[dns-operations] Documenting root slave operation Re: The (very) uneven distribution of DNS root servers on the Internet

Andrew Sullivan ajs at anvilwalrusden.com
Thu May 17 19:51:46 UTC 2012

On Thu, May 17, 2012 at 02:21:58PM -0400, Olafur Gudmundsson wrote:
> I think the point that PaulV has been making is lets document the
> best practices and learn from past mistakes and contain errors.

And the point that I (and, not to speak for him, I think Joe) was
making was that there are no best practices here that are in any way
better than "collaborate with someone who'll happily give you a root
feed given that they know about you".  The alternatives are all
degenerate from that.

> I can easily envision the document covering this case by saying:
> "if you provision a root zone copy in your organization all your
> resolvers SHOULD do DNSSEC validation"

And so there you are, DiscountISPCorp, and you're following the best
practices.  You will ensure such DNSSEC validation how, exactly?

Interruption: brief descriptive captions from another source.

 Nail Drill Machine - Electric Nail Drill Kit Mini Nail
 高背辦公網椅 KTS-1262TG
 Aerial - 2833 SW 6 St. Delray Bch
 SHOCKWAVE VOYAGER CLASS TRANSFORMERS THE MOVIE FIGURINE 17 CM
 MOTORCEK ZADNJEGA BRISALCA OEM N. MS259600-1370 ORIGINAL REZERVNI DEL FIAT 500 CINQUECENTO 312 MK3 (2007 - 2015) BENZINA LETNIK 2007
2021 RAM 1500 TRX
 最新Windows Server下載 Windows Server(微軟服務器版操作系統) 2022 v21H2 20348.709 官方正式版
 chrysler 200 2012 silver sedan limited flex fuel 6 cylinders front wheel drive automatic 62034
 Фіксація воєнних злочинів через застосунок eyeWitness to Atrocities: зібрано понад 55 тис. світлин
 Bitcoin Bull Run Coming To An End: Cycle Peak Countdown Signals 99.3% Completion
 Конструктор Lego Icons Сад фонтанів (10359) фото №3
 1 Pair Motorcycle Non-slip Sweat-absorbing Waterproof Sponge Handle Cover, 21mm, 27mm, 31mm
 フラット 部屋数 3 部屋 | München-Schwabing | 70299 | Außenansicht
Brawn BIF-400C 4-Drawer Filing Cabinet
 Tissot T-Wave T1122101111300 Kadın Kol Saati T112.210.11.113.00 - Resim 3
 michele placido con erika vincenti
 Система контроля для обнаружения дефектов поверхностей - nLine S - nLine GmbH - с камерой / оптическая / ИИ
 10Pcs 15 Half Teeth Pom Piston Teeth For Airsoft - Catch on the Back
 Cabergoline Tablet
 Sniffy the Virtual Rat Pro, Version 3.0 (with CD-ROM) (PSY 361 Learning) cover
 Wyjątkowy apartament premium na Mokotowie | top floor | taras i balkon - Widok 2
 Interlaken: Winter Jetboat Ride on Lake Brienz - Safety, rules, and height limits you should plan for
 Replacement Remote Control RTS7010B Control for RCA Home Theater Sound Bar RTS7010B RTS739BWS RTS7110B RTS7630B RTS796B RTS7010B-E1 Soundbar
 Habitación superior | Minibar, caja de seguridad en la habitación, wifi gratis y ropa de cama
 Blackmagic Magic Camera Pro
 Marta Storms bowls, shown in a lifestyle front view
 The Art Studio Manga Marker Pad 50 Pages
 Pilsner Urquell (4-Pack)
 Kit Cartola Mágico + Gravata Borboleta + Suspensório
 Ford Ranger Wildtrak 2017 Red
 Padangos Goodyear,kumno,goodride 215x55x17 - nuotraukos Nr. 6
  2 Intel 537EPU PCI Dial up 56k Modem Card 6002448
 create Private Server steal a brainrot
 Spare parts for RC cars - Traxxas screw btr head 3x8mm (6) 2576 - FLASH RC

You seem to be missing the point of what I was arguing (and what I
think Joe was arguing): a significant number of people who will claim
to take this advice will be so clueless as to be incapable of
following it.  The people who don't fall into that camp don't _need_
the advice, because they already know they need to check their logs
and so on.  They can already AXFR the root zone from the many places
where it's available.

If one publishes a BCP on this, then there will be a class of
organization in which clueless managers instruct hapless lackeys to
implement something because it is best.  The lackeys will immediately
say, "Yes sir/ma'am," go and turn it on, and do absolutely nothing
about monitoring and so on; and since the failure to do most of the
best practices will be invisible as long as everything is working, the
lackeys will have done their job.  They'll move on.  Months or years
later, there will be a problem and everyone will cast the blame in the
wrong place.  This will cause public consultations in which the "root
cause" will be identified as some perfectly reasonable change to the
root zone operational procedures, and there will be yet more totally
stupid pressure to change root zone operations in order to ensure that
someone's minister's brother isn't embarrassed.

My employer has a customer support department, and I look at this plan
and see my employer's money being flushed away for absolutely no
discernible benefit to the gross Internet population.  What is this
supposed to solve?  The dubious problems observed in the pingdom

It's not like we have no example of why this sort of one-way
distribution with no co-ordination causes problems: AS112 has the same
problem.  There have been suggestions of altering what AS112 serves,
and every time someone points out that it's hard because we don't know
whether everyone participating in AS112 actually follows all the
rules.  For AS112, this seems to me like a perfectly acceptable
answer.  For the root zone, it does not.